It was a day like most spent with friends. I was detained by Matthew’s darling daughter Iris, who introduced me to all her toy figures, many of whom live aboard a pirate ship. I spent time catching up with Laurie, Matthew’s wife. I joked with Becky, who’s pace quickens in the kitchen, along with her wit. And we sat at the table together, sharing the same meal, and chatting until we had polished off the block of cheese bought for the garnish.

The article features a spring adapted recipe including peas and panchetta, and envelopes you in the fresh aroma of mint. I urge everyone to use this impressive technique, and be creative. The liquid underneath can carry any water soluble aroma, corresponding with the soup, which can be chilled or hot.

5 Responses to “Behind the scenes of a newspaper article”

  1. S. KAY WEBER says:

    Been enjoying your e-mails but really miss the restaurant reviews, which are always so yummy and
    funny, at the same time. I love it when someone,
    who takes food and wine seriously, can still maintain
    a healthy sense of humor and that is what your articles
    relay to me.

  2. Dominik MJ says:

    Could it be, that dry ice is not frozen nitrogen but frozen carbon dioxide?

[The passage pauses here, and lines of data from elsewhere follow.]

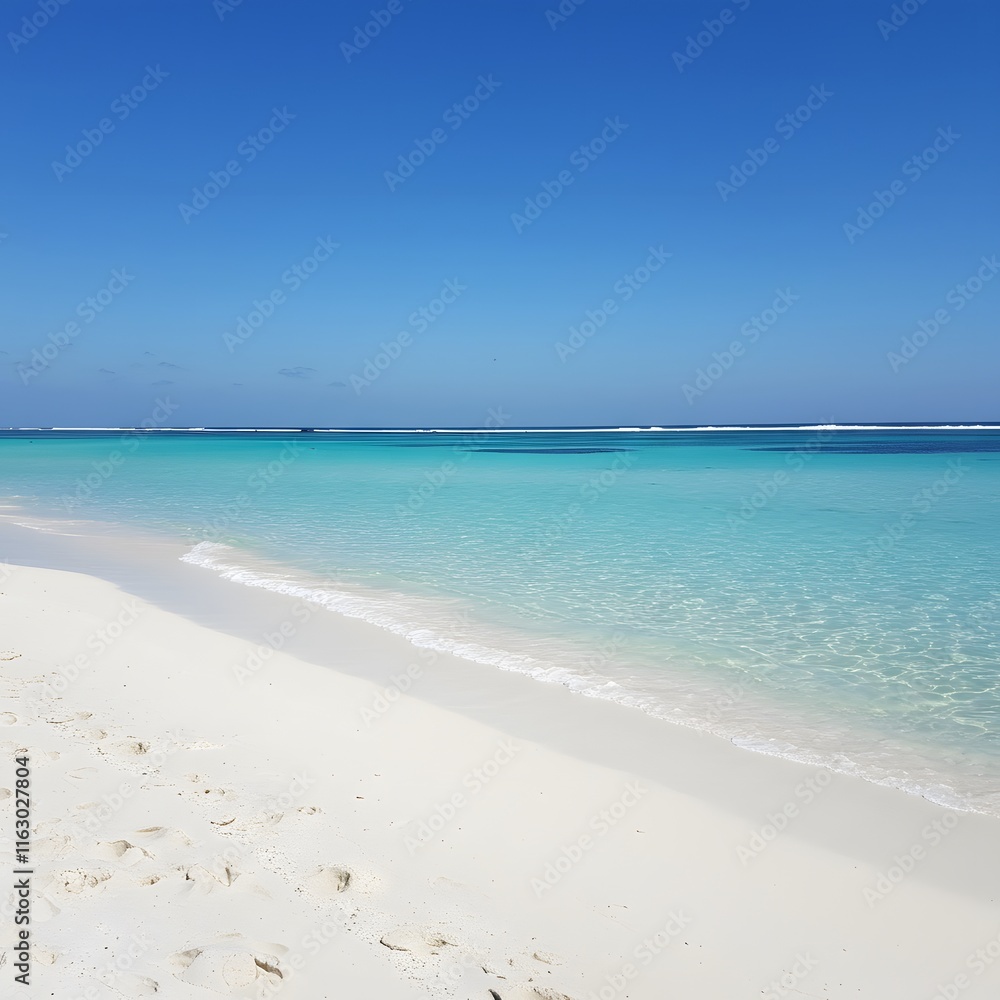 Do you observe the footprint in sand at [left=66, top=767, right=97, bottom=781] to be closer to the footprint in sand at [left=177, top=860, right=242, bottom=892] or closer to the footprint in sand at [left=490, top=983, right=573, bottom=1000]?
the footprint in sand at [left=177, top=860, right=242, bottom=892]

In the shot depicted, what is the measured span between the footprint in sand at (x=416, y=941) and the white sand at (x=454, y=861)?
0.01 m

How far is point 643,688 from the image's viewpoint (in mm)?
6453

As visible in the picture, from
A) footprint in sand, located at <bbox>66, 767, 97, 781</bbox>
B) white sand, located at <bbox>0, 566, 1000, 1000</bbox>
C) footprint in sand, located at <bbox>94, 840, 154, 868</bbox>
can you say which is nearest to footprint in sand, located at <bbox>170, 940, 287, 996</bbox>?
white sand, located at <bbox>0, 566, 1000, 1000</bbox>

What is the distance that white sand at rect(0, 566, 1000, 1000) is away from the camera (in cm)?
286

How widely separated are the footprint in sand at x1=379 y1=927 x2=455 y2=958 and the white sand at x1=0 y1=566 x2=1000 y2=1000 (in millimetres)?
11

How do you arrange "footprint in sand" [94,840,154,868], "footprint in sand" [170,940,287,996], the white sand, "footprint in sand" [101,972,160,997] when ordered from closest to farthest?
"footprint in sand" [101,972,160,997], "footprint in sand" [170,940,287,996], the white sand, "footprint in sand" [94,840,154,868]

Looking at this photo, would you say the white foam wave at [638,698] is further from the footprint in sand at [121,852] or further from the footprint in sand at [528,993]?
the footprint in sand at [121,852]

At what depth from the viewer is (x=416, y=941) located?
300 centimetres

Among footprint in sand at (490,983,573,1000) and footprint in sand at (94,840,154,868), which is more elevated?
footprint in sand at (94,840,154,868)

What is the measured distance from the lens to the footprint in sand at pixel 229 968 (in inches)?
103

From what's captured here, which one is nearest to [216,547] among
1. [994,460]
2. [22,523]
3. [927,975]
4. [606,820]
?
[22,523]

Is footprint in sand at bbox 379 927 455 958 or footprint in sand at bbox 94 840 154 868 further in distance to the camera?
footprint in sand at bbox 94 840 154 868

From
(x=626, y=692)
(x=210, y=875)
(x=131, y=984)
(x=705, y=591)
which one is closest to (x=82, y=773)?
(x=210, y=875)

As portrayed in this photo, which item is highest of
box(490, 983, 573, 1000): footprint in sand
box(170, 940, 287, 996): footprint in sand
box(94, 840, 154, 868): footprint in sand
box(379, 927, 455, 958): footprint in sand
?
box(94, 840, 154, 868): footprint in sand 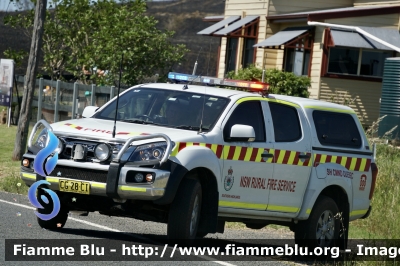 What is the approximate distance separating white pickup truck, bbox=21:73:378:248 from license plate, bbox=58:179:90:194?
0.01m

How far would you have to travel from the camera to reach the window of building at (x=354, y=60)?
29109 mm

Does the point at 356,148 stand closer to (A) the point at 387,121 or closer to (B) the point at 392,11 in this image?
(A) the point at 387,121

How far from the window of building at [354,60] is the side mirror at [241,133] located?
19.6m

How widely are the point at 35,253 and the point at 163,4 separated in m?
60.2

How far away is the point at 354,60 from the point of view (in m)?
29.2

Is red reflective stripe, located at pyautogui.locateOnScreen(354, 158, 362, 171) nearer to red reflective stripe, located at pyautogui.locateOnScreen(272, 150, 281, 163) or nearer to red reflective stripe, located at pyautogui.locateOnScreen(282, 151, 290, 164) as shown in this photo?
red reflective stripe, located at pyautogui.locateOnScreen(282, 151, 290, 164)

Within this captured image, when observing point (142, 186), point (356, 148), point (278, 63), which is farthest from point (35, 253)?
point (278, 63)

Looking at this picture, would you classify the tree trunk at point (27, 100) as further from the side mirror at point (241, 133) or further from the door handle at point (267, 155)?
the side mirror at point (241, 133)

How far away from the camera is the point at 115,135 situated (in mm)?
9281

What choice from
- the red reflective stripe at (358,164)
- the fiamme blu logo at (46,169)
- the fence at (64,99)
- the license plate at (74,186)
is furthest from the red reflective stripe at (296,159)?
the fence at (64,99)

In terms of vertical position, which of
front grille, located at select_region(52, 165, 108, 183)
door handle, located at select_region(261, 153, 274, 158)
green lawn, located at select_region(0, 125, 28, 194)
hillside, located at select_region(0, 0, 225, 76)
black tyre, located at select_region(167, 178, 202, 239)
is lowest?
green lawn, located at select_region(0, 125, 28, 194)

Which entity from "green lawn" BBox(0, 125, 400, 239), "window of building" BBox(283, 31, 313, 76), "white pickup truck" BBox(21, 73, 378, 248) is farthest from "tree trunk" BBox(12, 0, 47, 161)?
"window of building" BBox(283, 31, 313, 76)

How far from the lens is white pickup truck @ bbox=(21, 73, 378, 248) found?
359 inches

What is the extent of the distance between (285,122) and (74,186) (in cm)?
286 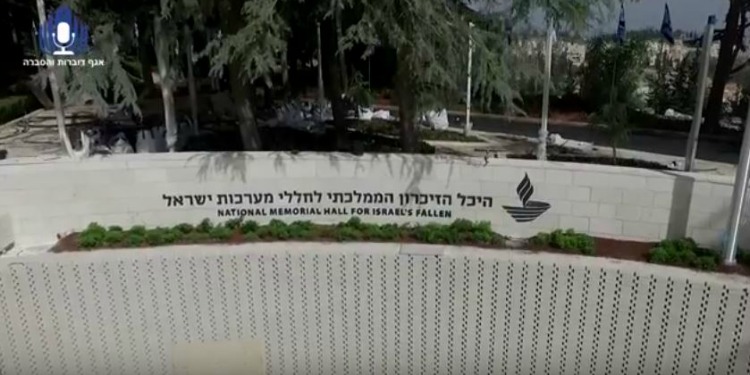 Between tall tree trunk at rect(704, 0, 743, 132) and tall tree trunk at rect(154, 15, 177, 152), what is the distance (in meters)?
12.1

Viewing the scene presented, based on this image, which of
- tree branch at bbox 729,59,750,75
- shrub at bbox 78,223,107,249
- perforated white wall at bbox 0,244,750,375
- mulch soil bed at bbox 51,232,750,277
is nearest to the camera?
perforated white wall at bbox 0,244,750,375

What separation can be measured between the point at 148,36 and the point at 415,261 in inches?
215

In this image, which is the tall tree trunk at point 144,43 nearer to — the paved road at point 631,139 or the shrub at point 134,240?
the shrub at point 134,240

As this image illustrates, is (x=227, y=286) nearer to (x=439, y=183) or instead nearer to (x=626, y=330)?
(x=439, y=183)

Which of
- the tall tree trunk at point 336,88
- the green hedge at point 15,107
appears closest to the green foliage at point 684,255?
the tall tree trunk at point 336,88

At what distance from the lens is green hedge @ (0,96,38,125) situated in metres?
15.2

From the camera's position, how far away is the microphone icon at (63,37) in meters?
8.66

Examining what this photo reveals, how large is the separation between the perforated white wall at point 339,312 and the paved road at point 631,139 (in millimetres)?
4659

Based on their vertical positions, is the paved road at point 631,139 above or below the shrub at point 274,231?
above

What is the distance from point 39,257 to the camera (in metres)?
7.54

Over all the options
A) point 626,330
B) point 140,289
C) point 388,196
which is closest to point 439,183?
point 388,196

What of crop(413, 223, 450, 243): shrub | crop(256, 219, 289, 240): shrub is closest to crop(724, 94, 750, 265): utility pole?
crop(413, 223, 450, 243): shrub

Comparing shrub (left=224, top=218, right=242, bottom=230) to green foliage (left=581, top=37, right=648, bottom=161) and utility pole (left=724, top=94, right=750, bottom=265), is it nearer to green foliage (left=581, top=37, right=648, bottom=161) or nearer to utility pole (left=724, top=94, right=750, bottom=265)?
green foliage (left=581, top=37, right=648, bottom=161)

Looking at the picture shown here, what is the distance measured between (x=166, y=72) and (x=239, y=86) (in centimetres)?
110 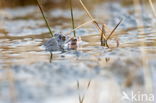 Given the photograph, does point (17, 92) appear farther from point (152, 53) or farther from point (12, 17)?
point (12, 17)

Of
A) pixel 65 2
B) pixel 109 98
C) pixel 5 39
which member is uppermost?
pixel 65 2

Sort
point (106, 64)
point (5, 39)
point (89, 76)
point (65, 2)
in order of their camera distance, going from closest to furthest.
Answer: point (89, 76) → point (106, 64) → point (5, 39) → point (65, 2)

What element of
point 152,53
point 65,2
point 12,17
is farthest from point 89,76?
point 65,2

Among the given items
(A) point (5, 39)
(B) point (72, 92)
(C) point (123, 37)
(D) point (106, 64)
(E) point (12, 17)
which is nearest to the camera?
(B) point (72, 92)

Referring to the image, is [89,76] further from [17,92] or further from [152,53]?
[152,53]

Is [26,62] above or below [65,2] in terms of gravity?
below

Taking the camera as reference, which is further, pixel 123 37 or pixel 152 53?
pixel 123 37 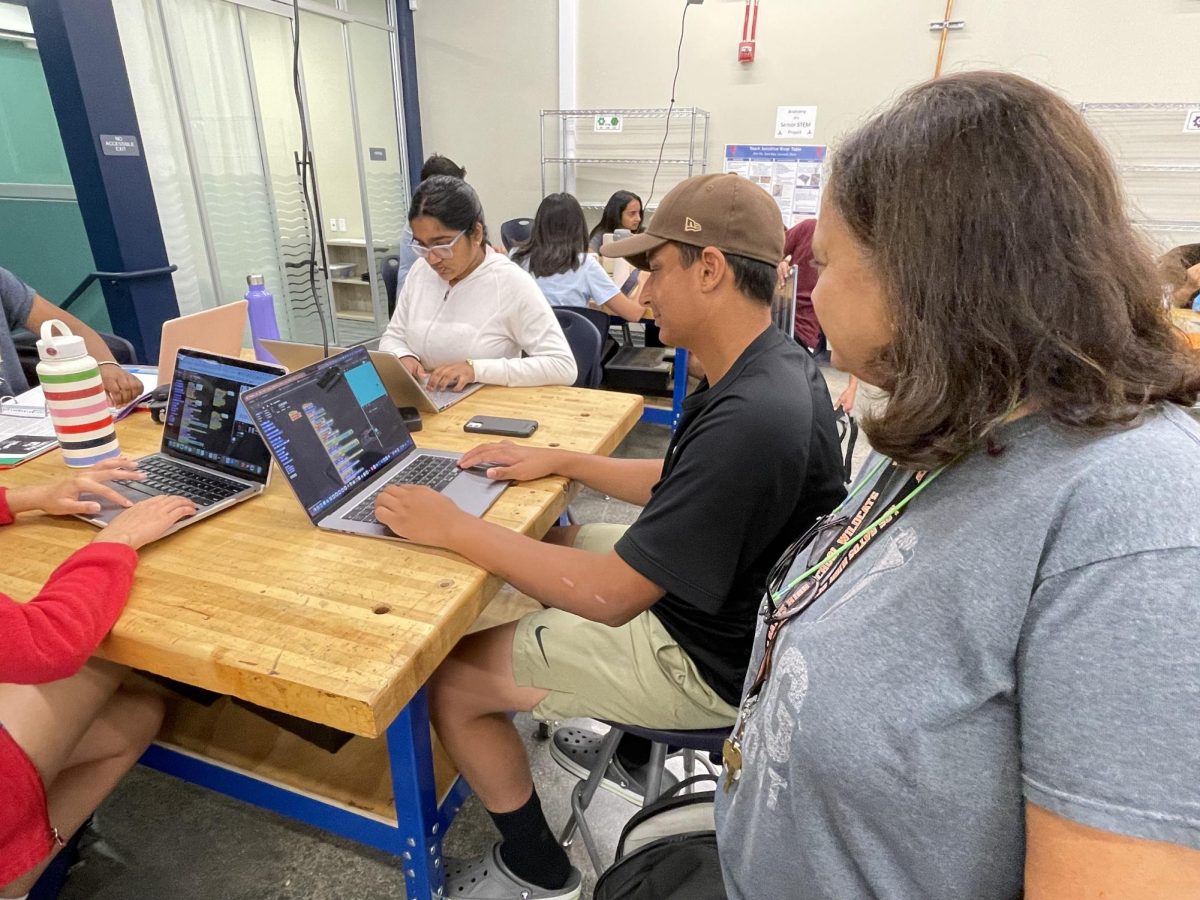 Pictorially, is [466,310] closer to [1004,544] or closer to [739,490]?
[739,490]

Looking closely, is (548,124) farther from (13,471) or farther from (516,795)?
(516,795)

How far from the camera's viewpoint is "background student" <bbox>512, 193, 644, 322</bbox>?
3.16 m

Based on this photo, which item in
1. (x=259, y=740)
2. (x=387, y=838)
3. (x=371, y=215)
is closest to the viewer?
(x=387, y=838)

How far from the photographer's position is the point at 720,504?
0.92 m

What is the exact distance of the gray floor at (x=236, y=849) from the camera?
1339 millimetres

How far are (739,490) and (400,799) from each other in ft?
2.36

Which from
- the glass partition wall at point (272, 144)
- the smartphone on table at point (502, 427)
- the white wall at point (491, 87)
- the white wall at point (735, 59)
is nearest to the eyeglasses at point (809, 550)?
the smartphone on table at point (502, 427)

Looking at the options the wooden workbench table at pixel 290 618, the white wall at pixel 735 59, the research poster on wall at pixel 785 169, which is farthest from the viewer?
the research poster on wall at pixel 785 169

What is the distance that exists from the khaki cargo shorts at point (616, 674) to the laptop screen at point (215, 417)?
59 centimetres

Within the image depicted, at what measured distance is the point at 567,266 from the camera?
3189mm

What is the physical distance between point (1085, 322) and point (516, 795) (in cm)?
109

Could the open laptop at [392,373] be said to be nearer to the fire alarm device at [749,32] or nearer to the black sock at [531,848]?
the black sock at [531,848]

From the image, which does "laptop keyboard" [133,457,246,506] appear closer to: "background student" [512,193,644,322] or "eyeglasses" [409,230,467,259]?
"eyeglasses" [409,230,467,259]

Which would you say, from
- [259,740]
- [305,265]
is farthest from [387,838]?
[305,265] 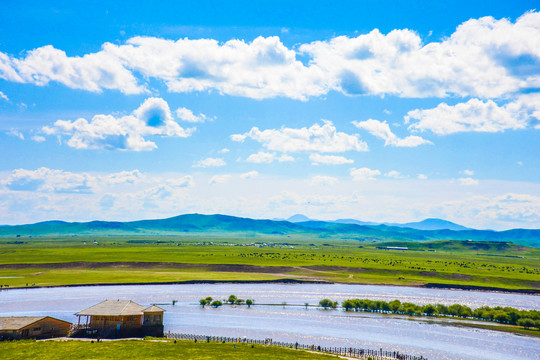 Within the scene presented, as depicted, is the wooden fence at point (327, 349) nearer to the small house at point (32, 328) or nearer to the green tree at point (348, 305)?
the small house at point (32, 328)

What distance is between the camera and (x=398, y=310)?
338 feet

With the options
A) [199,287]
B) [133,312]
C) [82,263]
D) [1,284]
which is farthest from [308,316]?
[82,263]

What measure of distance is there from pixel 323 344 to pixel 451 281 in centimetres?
9536

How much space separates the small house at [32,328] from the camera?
6500 centimetres

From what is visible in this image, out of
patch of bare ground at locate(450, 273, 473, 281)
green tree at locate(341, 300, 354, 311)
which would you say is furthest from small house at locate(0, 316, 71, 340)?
patch of bare ground at locate(450, 273, 473, 281)

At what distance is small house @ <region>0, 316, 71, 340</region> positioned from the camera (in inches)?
2559

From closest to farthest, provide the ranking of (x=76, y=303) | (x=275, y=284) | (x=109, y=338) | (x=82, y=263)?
(x=109, y=338) < (x=76, y=303) < (x=275, y=284) < (x=82, y=263)

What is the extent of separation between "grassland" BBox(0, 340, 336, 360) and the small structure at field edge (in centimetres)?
635

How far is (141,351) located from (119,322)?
15058 millimetres

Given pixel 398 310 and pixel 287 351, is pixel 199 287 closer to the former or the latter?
pixel 398 310

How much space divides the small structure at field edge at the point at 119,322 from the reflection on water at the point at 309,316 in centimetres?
770

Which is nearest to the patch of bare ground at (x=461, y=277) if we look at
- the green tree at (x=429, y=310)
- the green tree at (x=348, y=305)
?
the green tree at (x=429, y=310)

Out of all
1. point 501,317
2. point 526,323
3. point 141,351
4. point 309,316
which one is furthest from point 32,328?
point 526,323

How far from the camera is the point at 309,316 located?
313 ft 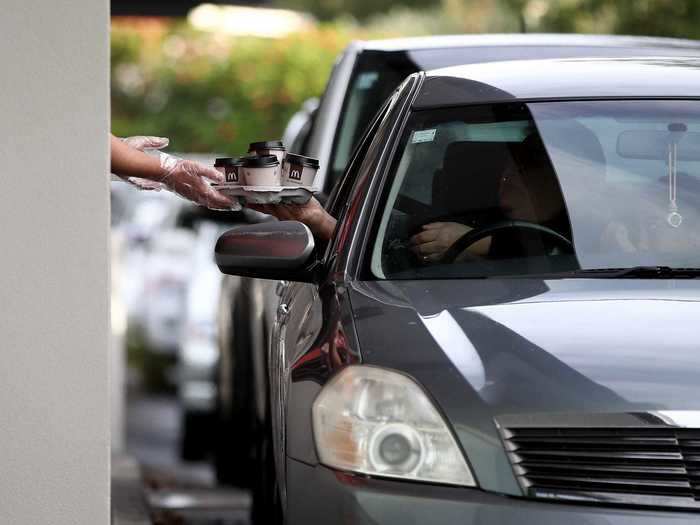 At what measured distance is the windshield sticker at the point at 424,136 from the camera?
4.80 meters

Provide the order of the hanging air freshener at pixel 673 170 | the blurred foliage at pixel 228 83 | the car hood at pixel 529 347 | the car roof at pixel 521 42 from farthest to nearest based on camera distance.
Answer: the blurred foliage at pixel 228 83 < the car roof at pixel 521 42 < the hanging air freshener at pixel 673 170 < the car hood at pixel 529 347

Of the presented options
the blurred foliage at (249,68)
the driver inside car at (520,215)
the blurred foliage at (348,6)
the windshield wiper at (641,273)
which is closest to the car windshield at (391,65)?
the driver inside car at (520,215)

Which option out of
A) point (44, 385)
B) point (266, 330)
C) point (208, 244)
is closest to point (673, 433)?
point (44, 385)

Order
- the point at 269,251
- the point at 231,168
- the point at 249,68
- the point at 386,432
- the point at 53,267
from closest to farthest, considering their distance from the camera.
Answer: the point at 386,432 < the point at 53,267 < the point at 269,251 < the point at 231,168 < the point at 249,68

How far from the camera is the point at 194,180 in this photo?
529 centimetres

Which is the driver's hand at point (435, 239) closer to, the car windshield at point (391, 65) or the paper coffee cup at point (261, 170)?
the paper coffee cup at point (261, 170)

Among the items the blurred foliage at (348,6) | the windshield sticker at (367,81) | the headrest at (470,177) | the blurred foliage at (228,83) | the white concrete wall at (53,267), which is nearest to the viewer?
the white concrete wall at (53,267)

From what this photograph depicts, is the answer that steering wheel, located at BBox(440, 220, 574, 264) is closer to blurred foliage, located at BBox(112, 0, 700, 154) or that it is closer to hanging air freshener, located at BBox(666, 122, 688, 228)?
hanging air freshener, located at BBox(666, 122, 688, 228)

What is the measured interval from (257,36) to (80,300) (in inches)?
851

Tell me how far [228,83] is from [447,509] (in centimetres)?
2148

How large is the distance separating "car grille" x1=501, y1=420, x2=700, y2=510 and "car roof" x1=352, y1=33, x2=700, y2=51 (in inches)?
139

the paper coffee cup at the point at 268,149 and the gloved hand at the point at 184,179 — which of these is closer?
the paper coffee cup at the point at 268,149

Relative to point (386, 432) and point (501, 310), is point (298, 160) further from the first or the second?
point (386, 432)

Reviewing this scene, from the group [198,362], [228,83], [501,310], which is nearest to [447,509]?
[501,310] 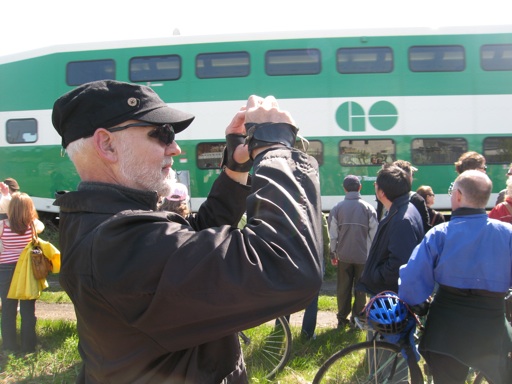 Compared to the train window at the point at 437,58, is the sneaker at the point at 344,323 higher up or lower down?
lower down

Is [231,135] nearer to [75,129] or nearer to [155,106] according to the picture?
[155,106]

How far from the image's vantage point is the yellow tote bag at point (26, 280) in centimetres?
471

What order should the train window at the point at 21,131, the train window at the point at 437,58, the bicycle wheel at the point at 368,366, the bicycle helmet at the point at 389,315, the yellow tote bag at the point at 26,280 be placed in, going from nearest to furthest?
Result: the bicycle helmet at the point at 389,315
the bicycle wheel at the point at 368,366
the yellow tote bag at the point at 26,280
the train window at the point at 437,58
the train window at the point at 21,131

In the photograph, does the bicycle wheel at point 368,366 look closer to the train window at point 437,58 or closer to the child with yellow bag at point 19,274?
the child with yellow bag at point 19,274

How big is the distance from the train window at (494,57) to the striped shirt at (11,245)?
29.6 feet

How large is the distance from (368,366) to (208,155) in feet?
21.9

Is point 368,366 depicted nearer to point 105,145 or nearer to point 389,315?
point 389,315

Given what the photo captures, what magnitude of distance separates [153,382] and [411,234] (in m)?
2.83

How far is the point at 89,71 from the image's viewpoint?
9.52 metres

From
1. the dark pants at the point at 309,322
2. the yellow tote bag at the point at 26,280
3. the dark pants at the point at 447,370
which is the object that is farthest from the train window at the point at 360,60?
the dark pants at the point at 447,370

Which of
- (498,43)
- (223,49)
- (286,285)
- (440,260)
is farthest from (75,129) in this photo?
(498,43)

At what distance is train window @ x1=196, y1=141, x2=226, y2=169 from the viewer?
9.38 meters

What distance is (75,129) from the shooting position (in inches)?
48.9

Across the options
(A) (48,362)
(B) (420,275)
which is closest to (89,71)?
(A) (48,362) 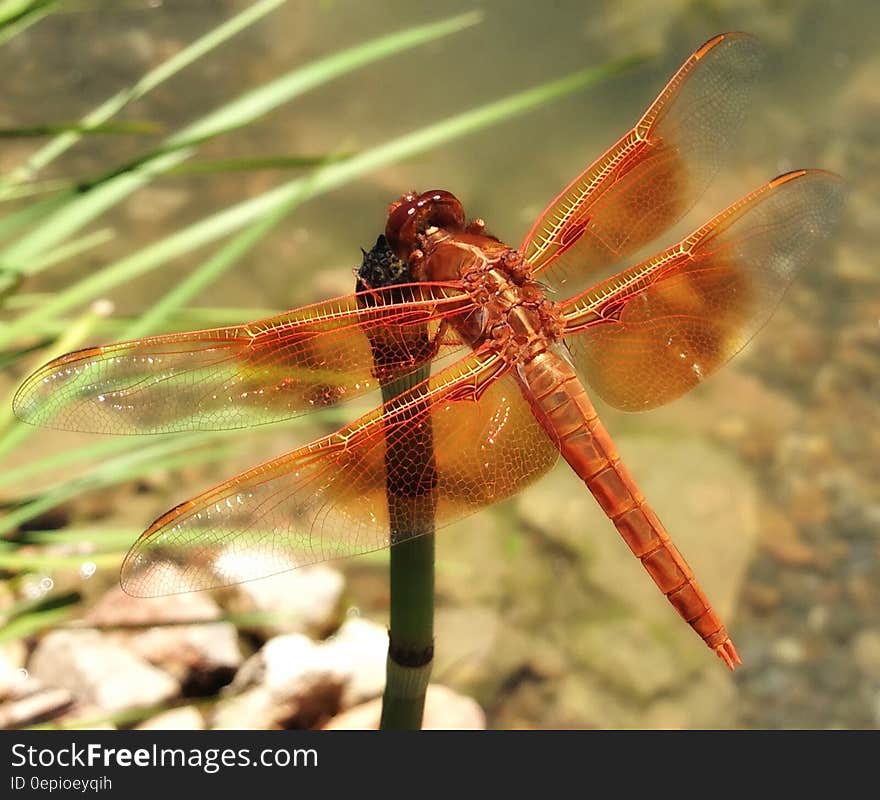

    As I know nitrogen is still liquid at this temperature…

    Anyhow nice article, and a nice soup!



  3. dana says:

    SKW- I miss Hillel’s reviews too!

    DMJ- Ah yes, you are right. I updated the article to reflect the correct statement. Thanks!

  4. tiger darson says:

    The soup described here sounds vegetarian, but the soup in the linked article isn’t…could we get the recipe for this veggie-ish soup? Pleeeeeease?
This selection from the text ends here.